◆ **DATASET RECORDS**
************

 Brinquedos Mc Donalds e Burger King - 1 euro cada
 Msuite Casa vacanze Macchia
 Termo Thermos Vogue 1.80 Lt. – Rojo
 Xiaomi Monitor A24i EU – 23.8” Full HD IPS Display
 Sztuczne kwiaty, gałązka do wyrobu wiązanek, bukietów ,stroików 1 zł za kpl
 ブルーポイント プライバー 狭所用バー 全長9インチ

************

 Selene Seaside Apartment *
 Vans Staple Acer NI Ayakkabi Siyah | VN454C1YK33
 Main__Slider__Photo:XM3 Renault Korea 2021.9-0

************

◆ **DIRECTIONS**
Please, from the entries above, set down exactly the lines from the one containing "Msuite Casa vacanze Macchia" through the one containing "ブルーポイント プライバー 狭所用バー 全長9インチ", and only those.

◆ **EXERCISE ANSWER**
 Msuite Casa vacanze Macchia
 Termo Thermos Vogue 1.80 Lt. – Rojo
 Xiaomi Monitor A24i EU – 23.8” Full HD IPS Display
 Sztuczne kwiaty, gałązka do wyrobu wiązanek, bukietów ,stroików 1 zł za kpl
 ブルーポイント プライバー 狭所用バー 全長9インチ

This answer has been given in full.